# WORK INSTRUCTION
Reproduce the records word for word, from the first line to the line containing "Carey Cutout Metal".

--------------------------------------------------

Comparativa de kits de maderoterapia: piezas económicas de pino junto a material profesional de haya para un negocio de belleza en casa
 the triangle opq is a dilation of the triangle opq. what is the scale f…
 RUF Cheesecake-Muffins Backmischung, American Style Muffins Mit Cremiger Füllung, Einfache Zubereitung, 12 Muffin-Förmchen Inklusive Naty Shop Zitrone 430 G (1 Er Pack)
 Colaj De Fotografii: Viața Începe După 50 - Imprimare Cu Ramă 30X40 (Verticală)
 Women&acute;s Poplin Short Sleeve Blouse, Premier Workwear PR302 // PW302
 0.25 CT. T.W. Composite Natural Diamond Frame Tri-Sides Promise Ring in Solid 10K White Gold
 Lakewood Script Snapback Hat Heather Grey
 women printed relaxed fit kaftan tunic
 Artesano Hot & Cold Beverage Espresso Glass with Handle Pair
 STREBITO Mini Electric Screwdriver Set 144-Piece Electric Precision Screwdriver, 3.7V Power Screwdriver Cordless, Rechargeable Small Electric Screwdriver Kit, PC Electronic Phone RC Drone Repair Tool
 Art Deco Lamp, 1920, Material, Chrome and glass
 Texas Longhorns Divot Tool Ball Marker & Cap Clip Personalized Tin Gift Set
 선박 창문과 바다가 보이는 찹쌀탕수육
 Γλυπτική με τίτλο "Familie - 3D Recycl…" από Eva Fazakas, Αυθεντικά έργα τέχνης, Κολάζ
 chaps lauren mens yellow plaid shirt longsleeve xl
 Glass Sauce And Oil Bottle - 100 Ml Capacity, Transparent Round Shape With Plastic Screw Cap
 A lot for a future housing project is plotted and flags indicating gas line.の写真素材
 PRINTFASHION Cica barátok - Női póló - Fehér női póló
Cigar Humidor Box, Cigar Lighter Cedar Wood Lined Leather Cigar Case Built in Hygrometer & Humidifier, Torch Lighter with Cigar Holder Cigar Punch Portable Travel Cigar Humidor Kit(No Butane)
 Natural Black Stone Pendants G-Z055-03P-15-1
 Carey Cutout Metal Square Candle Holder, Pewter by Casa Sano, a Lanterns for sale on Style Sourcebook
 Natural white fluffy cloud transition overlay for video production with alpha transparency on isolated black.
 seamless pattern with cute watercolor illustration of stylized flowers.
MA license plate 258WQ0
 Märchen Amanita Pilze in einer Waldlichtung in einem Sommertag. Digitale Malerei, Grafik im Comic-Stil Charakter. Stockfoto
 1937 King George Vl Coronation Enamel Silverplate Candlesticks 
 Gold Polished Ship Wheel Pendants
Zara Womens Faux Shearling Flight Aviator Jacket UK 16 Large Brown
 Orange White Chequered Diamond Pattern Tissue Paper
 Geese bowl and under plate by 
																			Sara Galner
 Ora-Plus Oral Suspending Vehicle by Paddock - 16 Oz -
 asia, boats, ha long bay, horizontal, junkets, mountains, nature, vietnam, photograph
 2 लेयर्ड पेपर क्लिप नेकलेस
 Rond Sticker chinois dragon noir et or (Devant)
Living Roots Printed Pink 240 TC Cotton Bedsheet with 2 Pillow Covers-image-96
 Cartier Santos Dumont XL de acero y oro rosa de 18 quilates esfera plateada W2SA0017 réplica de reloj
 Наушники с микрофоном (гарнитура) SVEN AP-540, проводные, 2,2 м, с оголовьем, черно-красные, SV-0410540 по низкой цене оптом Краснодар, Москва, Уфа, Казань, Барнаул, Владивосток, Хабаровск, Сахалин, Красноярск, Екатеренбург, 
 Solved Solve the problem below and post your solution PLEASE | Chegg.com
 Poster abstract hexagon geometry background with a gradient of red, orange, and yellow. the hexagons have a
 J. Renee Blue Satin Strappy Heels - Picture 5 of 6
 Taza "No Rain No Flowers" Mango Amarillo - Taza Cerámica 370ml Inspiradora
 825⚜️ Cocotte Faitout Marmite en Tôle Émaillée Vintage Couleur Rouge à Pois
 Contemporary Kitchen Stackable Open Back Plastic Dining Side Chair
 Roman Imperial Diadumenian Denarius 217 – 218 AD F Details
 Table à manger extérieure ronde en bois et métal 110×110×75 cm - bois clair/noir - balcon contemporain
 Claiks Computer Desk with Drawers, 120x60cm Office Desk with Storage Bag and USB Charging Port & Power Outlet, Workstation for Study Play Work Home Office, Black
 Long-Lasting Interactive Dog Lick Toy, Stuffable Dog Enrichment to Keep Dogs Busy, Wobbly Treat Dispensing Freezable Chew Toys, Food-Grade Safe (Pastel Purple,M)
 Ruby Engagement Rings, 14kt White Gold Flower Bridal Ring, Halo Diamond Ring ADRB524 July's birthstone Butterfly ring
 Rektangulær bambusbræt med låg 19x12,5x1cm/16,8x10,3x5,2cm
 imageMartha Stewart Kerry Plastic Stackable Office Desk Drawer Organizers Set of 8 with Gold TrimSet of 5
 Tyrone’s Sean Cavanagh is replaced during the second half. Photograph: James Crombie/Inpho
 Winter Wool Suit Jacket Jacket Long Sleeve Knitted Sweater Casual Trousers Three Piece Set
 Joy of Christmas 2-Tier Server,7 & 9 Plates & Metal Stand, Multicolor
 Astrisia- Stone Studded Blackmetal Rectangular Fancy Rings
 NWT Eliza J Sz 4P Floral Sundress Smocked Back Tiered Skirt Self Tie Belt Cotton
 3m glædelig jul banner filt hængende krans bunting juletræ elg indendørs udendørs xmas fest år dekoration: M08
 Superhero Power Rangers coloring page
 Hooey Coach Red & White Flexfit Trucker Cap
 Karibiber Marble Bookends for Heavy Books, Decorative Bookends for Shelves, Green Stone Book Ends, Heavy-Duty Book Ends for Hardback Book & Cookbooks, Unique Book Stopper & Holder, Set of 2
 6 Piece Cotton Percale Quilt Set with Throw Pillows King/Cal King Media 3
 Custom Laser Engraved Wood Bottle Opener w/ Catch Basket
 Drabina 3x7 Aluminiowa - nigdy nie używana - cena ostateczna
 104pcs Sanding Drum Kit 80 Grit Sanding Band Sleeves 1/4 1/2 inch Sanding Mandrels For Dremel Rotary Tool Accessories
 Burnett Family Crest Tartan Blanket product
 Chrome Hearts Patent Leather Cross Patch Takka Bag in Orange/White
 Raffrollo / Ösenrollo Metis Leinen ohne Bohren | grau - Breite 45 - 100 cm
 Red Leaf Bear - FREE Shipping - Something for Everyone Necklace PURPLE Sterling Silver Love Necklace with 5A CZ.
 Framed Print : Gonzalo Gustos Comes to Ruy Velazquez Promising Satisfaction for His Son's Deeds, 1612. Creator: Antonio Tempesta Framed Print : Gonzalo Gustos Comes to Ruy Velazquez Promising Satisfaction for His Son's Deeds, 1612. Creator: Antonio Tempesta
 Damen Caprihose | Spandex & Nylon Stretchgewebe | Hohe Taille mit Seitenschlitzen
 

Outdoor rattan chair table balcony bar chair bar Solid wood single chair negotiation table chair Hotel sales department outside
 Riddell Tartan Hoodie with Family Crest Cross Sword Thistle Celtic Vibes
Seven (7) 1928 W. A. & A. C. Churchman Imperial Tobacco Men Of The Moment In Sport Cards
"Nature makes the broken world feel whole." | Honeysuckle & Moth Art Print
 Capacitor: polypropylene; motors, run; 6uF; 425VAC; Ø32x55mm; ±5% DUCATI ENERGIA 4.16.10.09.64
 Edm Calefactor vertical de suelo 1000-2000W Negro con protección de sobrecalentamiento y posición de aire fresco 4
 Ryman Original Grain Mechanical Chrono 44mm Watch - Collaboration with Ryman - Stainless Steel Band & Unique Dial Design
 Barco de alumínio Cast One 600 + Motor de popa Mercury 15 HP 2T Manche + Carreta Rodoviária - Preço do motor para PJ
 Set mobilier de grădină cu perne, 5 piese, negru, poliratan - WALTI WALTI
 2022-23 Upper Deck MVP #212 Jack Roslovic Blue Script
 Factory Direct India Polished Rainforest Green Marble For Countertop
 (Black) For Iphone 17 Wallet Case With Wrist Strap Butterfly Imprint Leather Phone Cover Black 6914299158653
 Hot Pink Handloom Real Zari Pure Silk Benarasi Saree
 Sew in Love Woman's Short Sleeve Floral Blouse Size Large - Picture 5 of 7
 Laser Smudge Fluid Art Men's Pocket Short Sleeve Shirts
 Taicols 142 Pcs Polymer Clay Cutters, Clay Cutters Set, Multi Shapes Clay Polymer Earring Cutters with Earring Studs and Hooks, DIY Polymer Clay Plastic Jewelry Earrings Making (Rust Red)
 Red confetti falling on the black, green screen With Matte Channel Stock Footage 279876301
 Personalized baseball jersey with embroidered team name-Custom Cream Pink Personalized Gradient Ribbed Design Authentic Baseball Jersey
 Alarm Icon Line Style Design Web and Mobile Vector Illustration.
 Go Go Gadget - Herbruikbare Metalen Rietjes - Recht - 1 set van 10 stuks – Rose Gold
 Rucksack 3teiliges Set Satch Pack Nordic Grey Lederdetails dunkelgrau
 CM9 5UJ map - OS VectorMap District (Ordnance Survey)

--------------------------------------------------

# RESPONSE TO THIS TASK
Comparativa de kits de maderoterapia: piezas económicas de pino junto a material profesional de haya para un negocio de belleza en casa
 the triangle opq is a dilation of the triangle opq. what is the scale f…
 RUF Cheesecake-Muffins Backmischung, American Style Muffins Mit Cremiger Füllung, Einfache Zubereitung, 12 Muffin-Förmchen Inklusive Naty Shop Zitrone 430 G (1 Er Pack)
 Colaj De Fotografii: Viața Începe După 50 - Imprimare Cu Ramă 30X40 (Verticală)
 Women&acute;s Poplin Short Sleeve Blouse, Premier Workwear PR302 // PW302
 0.25 CT. T.W. Composite Natural Diamond Frame Tri-Sides Promise Ring in Solid 10K White Gold
 Lakewood Script Snapback Hat Heather Grey
 women printed relaxed fit kaftan tunic
 Artesano Hot & Cold Beverage Espresso Glass with Handle Pair
 STREBITO Mini Electric Screwdriver Set 144-Piece Electric Precision Screwdriver, 3.7V Power Screwdriver Cordless, Rechargeable Small Electric Screwdriver Kit, PC Electronic Phone RC Drone Repair Tool
 Art Deco Lamp, 1920, Material, Chrome and glass
 Texas Longhorns Divot Tool Ball Marker & Cap Clip Personalized Tin Gift Set
 선박 창문과 바다가 보이는 찹쌀탕수육
 Γλυπτική με τίτλο "Familie - 3D Recycl…" από Eva Fazakas, Αυθεντικά έργα τέχνης, Κολάζ
 chaps lauren mens yellow plaid shirt longsleeve xl
 Glass Sauce And Oil Bottle - 100 Ml Capacity, Transparent Round Shape With Plastic Screw Cap
 A lot for a future housing project is plotted and flags indicating gas line.の写真素材
 PRINTFASHION Cica barátok - Női póló - Fehér női póló
Cigar Humidor Box, Cigar Lighter Cedar Wood Lined Leather Cigar Case Built in Hygrometer & Humidifier, Torch Lighter with Cigar Holder Cigar Punch Portable Travel Cigar Humidor Kit(No Butane)
 Natural Black Stone Pendants G-Z055-03P-15-1
 Carey Cutout Metal Square Candle Holder, Pewter by Casa Sano, a Lanterns for sale on Style Sourcebook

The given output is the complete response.